Dengan naskah cerita yang ditulis oleh Alim Sudio (Surga yang Tak Dirindukan 3, 2021), Losmen Bu Broto berkisah tentang pasangan Pak Broto (Mathias Muchus – yang dalam serial televisi Losmen dahulu berperan sebagai karakter Tarjo) dan Bu Broto (Maudy Koesnaedi) yang bersama dengan ketiga anaknya, Pur (Putri Marino), Sri (Maudy Ayunda), dan Tarjo (Baskara Mahendra), mengelola sebuah tempat penginapan bernama Losmen Bu Broto di satu sudut kota Yogyakarta. Dengan sikap kepemimpinannya yang tegas, Losmen Bu Broto mampu menjadi tempat penginapan yang begitu diminati oleh mereka yang sedang menyinggahi Yogyakarta atau sekedar ingin menjauh dari riuhnya hidup keseharian. Di saat yang bersamaan, ketegasan yang ditunjukkan oleh Bu Broto ternyata memberikan friksi bagi hubungannya dengan kedua putrinya: Pur yang masih berduka setelah meninggalnya sang kekasih, Anton (Darius Sinathrya), terus tenggelam dalam rasa kehilangannya sementara Sri merasa begitu tertekan akan keinginan sang ibu agar dirinya membantu mengelola losmen disaat dirinya memiliki harapan dan cita-cita yang lain.

Losmen Bu Broto menghadirkan cukup banyak karakter dalam linimasa pengisahannya.
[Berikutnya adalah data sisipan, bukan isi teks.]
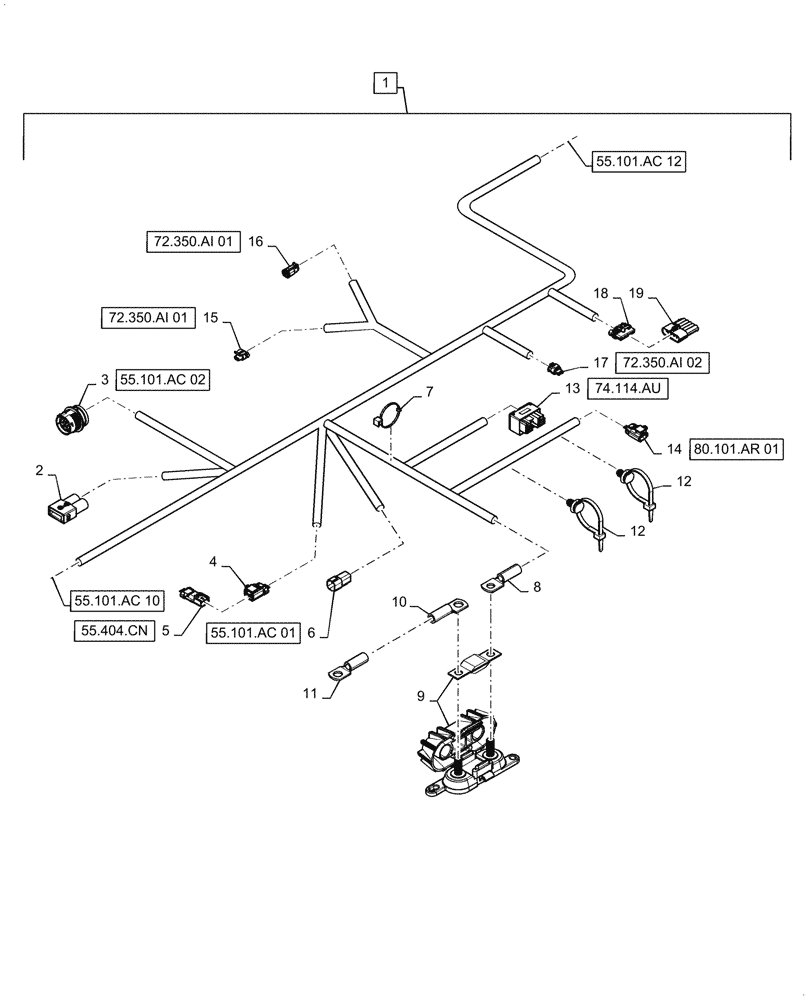 Схема запчастей Case IH 6140 - (55.101.AC[11]) - WIRE HARNESS, LEFT MAIN, CONTINUED (55) - ELECTRICAL SYSTEMS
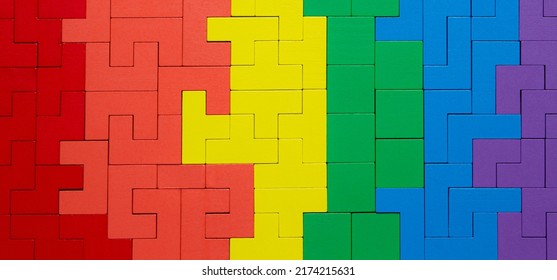 LGBTQ Background , Wood Block Puzzle With Rainbow Color Shade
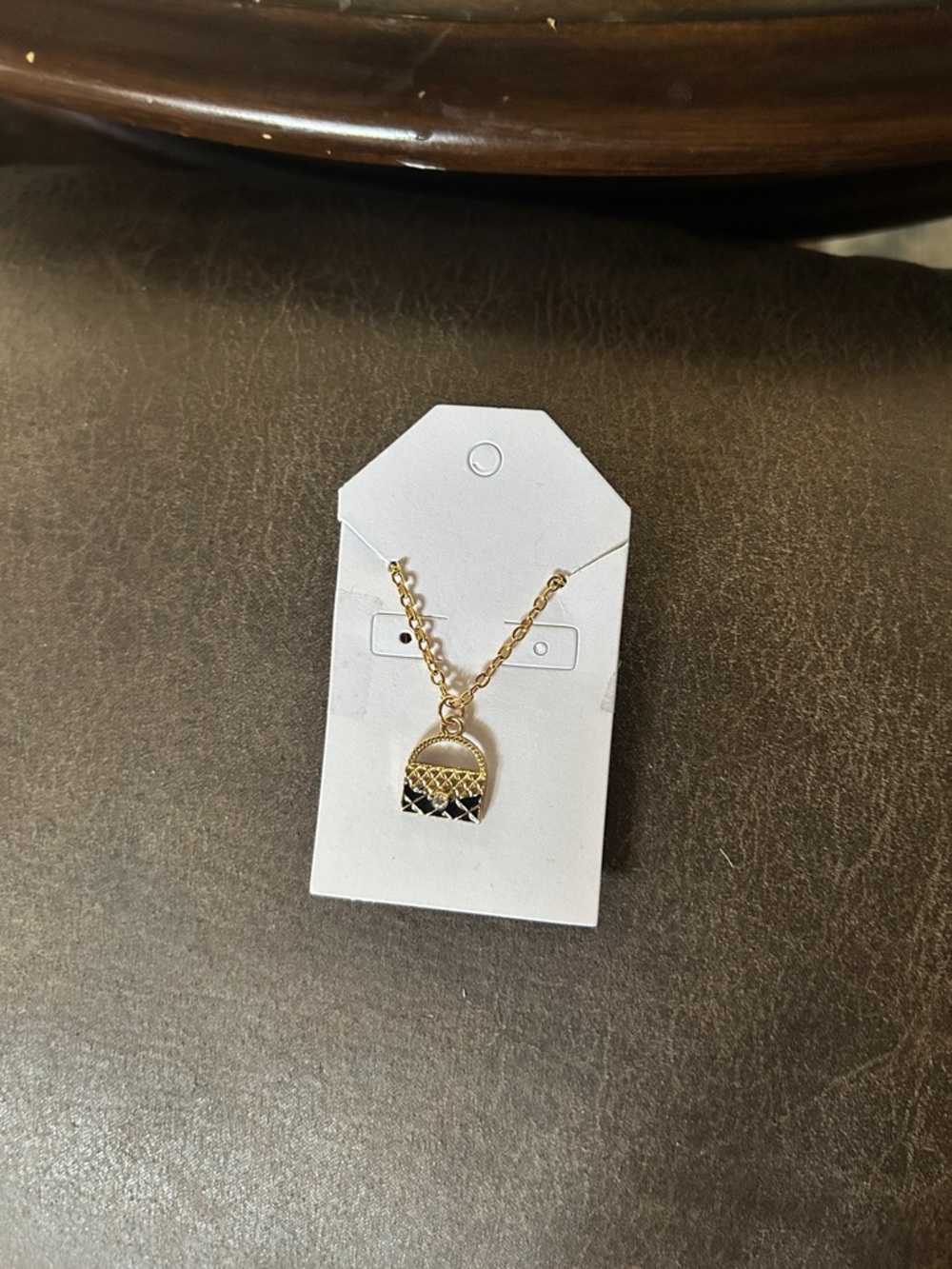 Gold Handbag Charm Pendant Necklace - Women's Jewelry - Picture 2 of 3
Namun, setelah menghabiskan hampir seluruh paruh pertamanya untuk memperkenalkan sejumlah karakter inti dan berbagai konflik yang mereka bawakan, film ini kemudian menempatkan fokus ceritanya pada perseteruan jalan pemikiran antara tiga karakter perempuan yang kemudian mendominasi penuturan film. Karakter Bu Broto, karakter Pur, dan karakter Sri digambarkan sebagai tiga sosok karakter yang tinggal di bawah satu atap namun memiliki tiga cara pandang akan hidup yang berbeda. Berbagai benturan yang terjadi secara konstan antara ketiga karakter tersebut yang kemudian mendorong aliran penuturan cerita film. Tidak berhenti disana, Losmen Bu Broto juga masih menyajikan sejumlah konflik personal yang dihadapi oleh karakter Sri – yang dikisahkan hamil di luar nikah dengan kekasihnya, Jarot (Marthino Lio), yang membuatnya diusir dari rumah, serta karakter Pur – yang sembari masih memendam rasa luka dan duka atas kehilangan kekasih kini harus memikul tanggung jawab yang lebih besar atas pengelolaan losmen setelah kepergian karakter Sri. Pelik.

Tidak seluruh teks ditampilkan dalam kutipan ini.